Re: Does splunk-wmi use the evt_resolve_ad_obj directive with remote "pulled" event logs?

Explorer

I can't get Splunk to respect the evtresolveadobj setting for WMI either. I'm having a similar problem where I want the Security Log to have GUIDs instead of resolving Distinguished Names (opposite of your problem). I've put evtresolveadobj=0 in several stanzas of inputs.conf but no dice! I'm running a Splunk 4.2.1 forwarder on Windows 2003 R2.

Highlighted

Re: Does splunk-wmi use the evt_resolve_ad_obj directive with remote "pulled" event logs?

Explorer

Based on my further testing splunk-wmi.exe completely ignores the evtresolvead_obj flag. When pulling from Windows 2003, WMI always resolves the GUIDs to Distinguished Names. When pulling from Windows 2008, WMI never resolves the GUIDs to Distinguished Names.

Feature request: Add support for evtresolvead_obj to Splunk WMI.

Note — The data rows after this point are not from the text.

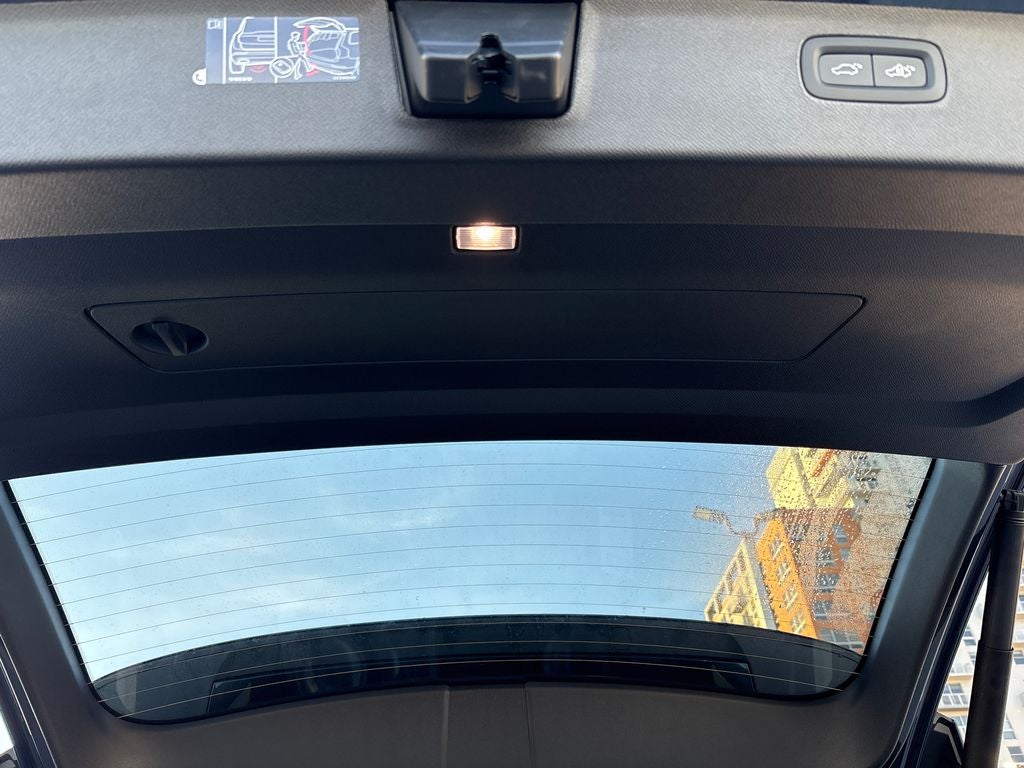 2026 Volvo XC90 B5 Plus
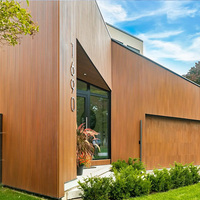 Panneau mural en aluminium rainuré à effet bois extérieur, panneaux de bardage en aluminium à l'aspect bois pour façade de bâtiment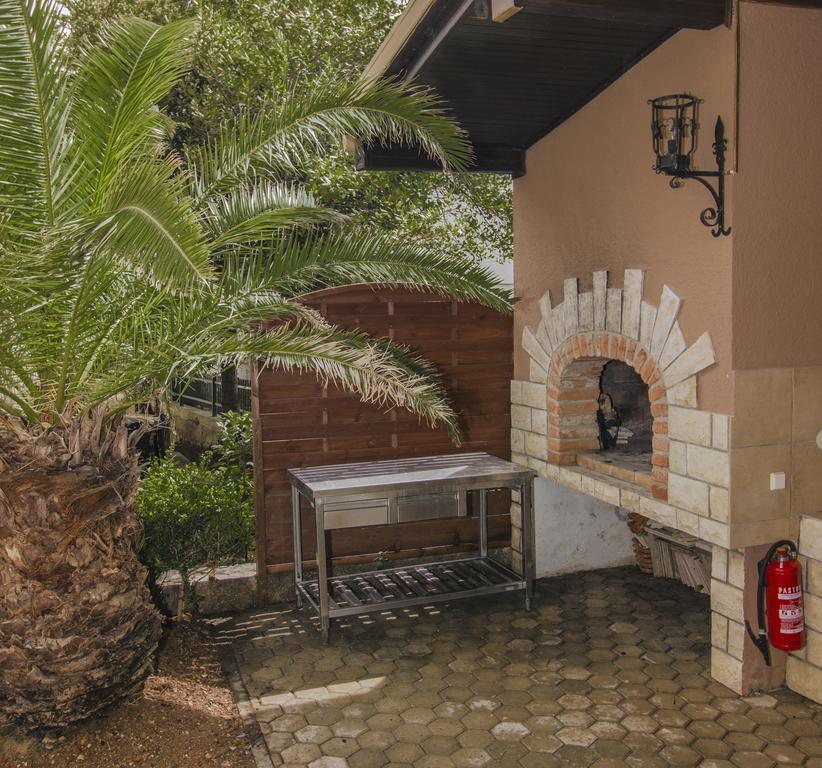 Apartments Maky & Dino Vodice Exterior foto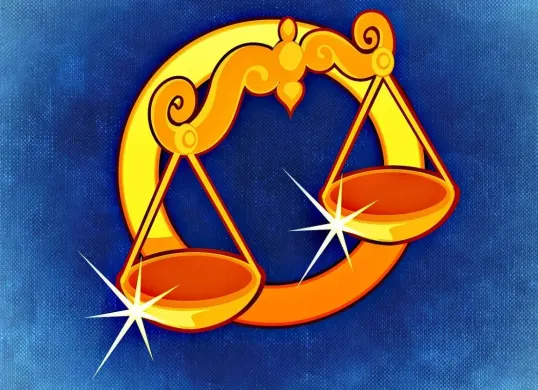  Libra, siap-siap hadapi hari yang naik-turun! Rezeki lancar, tapi urusan cinta dan kesehatan butuh perhatian lebih. (Sumber: Pixabay/Alexas_photos)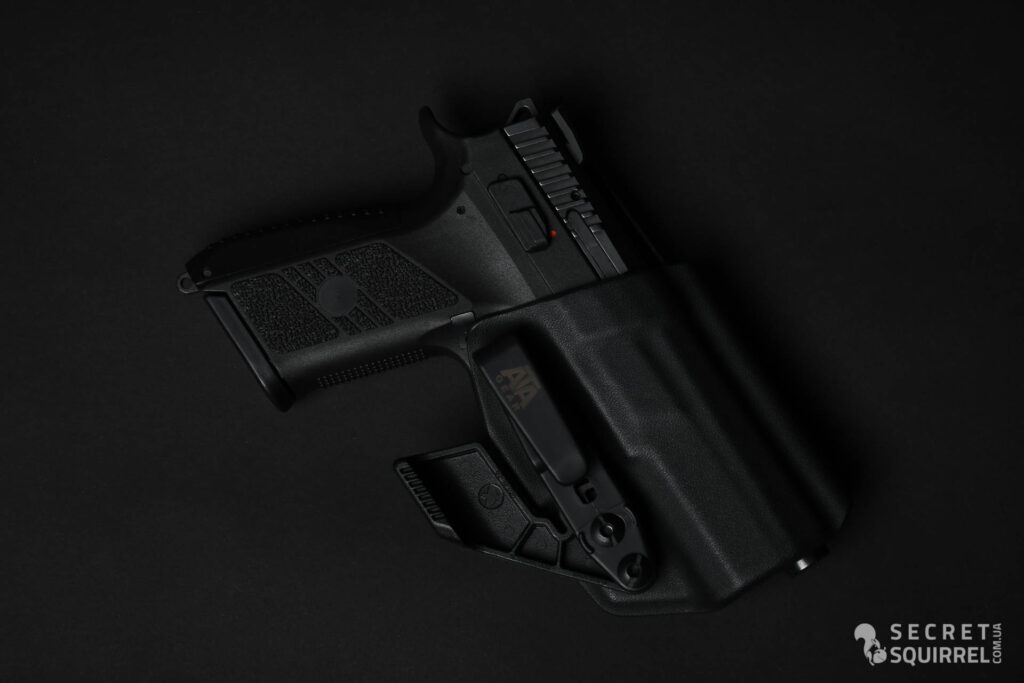 ATA-Gear Fantom v.4: з пістолетом T-REX, вигляд спереду - secretsquirrel.com.ua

Hugh's example is a Windows 2008 security log. I've also tested with splunk-4.2.1-98164-x64-release.msi, splunkforwarder-4.2.1-98164-x64-release.msi, and splunkforwarder-4.2-96430-x64-release.msi pulling security logs over WMI from a Windows 2003 Domain Controller. I've also tested with splunk-4.2.1-98164-x64-release.msi pulling security logs over WMI from a Windows 2008 R2 Domain Controller.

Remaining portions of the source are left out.